Ce n'est qu'avec bien de la peine que j'apprends, par votre lettre du 12, que vous touchez à votre dernier moment. Le nom de Suhm m'est effectivement cher. J'ai connu quelques-uns de cette famille qui se distinguaient par leur mérite, et qui s'étaient concilié mon estime. Votre père et vous-même y appartenez, et vos fils y auront également part, s'ils marchent sur leurs traces et imitent leurs exemples. Je suis bien aise de vous donner encore ce témoignage consolant avant de descendre du théâtre de ce monde, où vous avez joué le rôle d'un parfaitement honnête homme, qui est bien le plus glorieux pour les mortels. Sur ce, je prie Dieu qu'il vous rétablisse encore une fois, et vous ait en sa sainte et digne garde.
Federic.
DE LA VEUVE DE SUHM.
Sire,
Une veuve en deuil se jette à vos pieds, et les baigne de pleurs.
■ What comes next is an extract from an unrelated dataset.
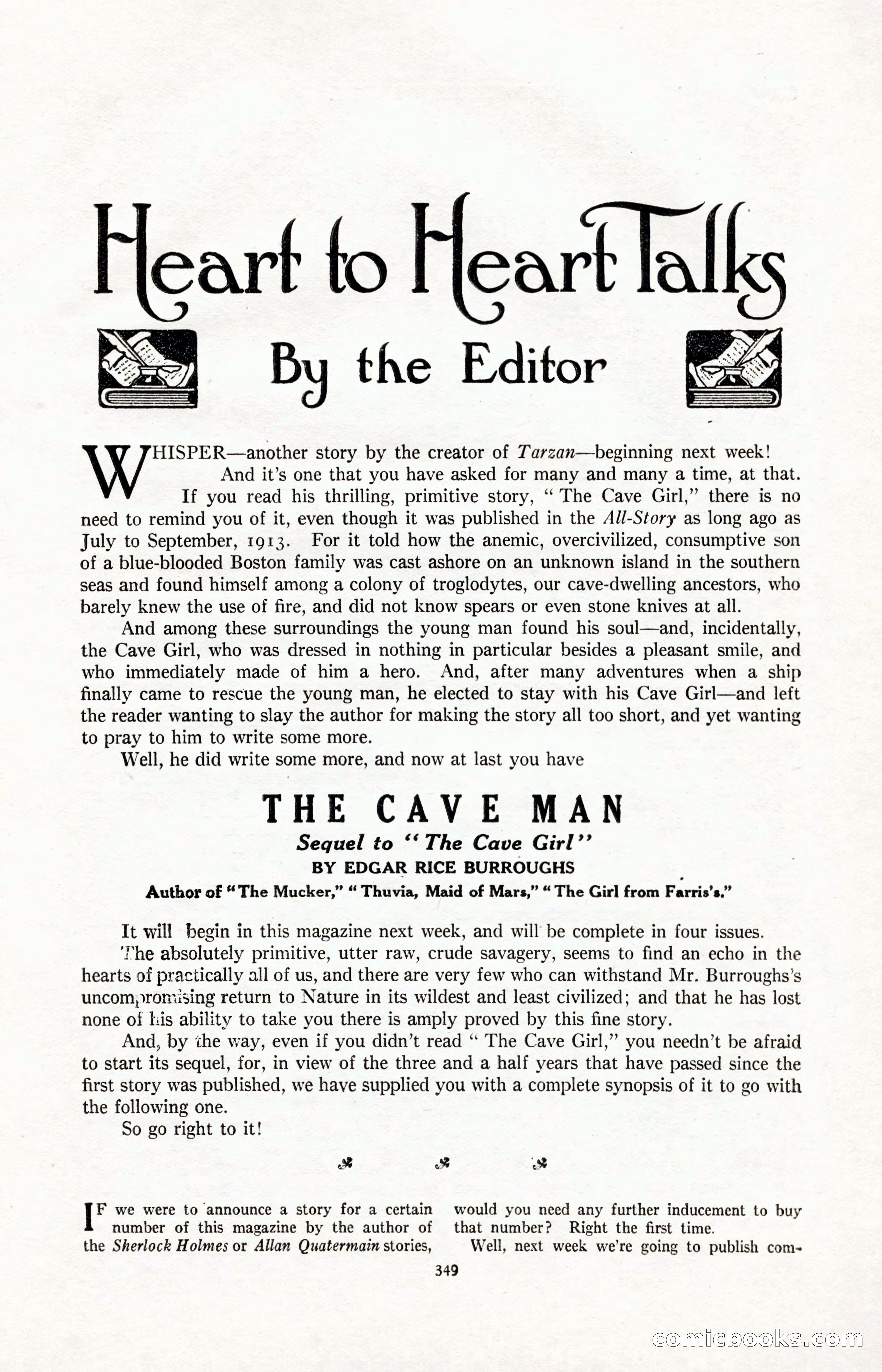 All-Story Weekly, March 24, 1917 — page 183 of 188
Ne dédaignez pas de jeter sur elle un regard de bonté. Le Tout-<408>Puissant a trouvé bon de retirer de ce monde, ce matin 18 mai, U.-E.-P. de Suhm, mon mari, qui, par une faveur du ciel et de V. M., desservait depuis vingt-cinq ans l'office de maître des postes à Dessau. Quelques jours avant sa mort, il a adressé une lettre à V. M. pour lui recommander très-humblement nos trois enfants, et la supplier de les prendre sous sa puissante protection. Si les larmes d'une veuve éplorée peuvent ajouter quelque poids aux derniers vœux d'un père mourant, permettez, Sire, que j'en arrose vos genoux, et que je joigne mon ardente prière à la sienne.
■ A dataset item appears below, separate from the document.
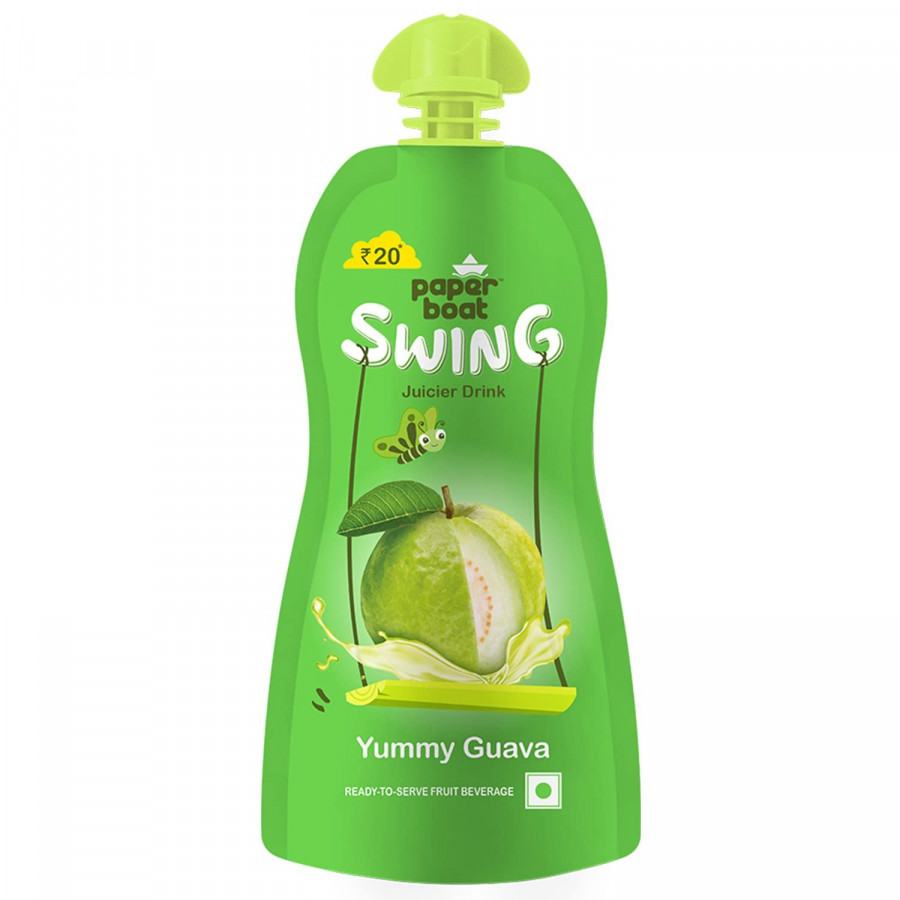 Paper Boat Juice Swing Yummy Guava 250ml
Vivant dans la douce espérance que V. M. daignera exaucer notre prière commune, je mourrai, Sire, avec les sentiments du plus profond respect et de la plus vive reconnaissance,
Votre très-soumise et très-respectueuse servante,
Veuve de Suhm, née Bonafos.
A LA VEUVE DE SUHM, A DESSAU.
Berlin, 21 mai 1785.
La nouvelle de la mort de votre mari, maître des postes à Dessau, m'a fait beaucoup de peine. La dernière lettre que je lui ai adressée, il n'y a guère longtemps, sur son lit de mort, vous en aura déjà prévenue. Je l'estimais pour son mérite, ainsi que pour les services qu'il m'a rendus tant dans le militaire que dans le civil, et je prends par cela même une part bien sincère à sa perte. Vos fils, s'ils marchent sur les traces de leur père, auront, en temps et heu, part à ma bienveillance et protection. Et pour vous, je vous souhaite toutes les consolations nécessaires dans votre juste douleur, priant, sur ce, Dieu qu'il vous ait en sa sainle et digne garde.
Federic.
445-a Voyez ci-dessus, p. 383 et 384.
446-a A la prière du feld-maréchal Keith, Frédéric donna, le 10 octobre 1750, au lieutenant-colonel de Keith, son aide de camp, la permission de se marier avec mademoiselle Marguerite-Albertine-Conradine de Suhm.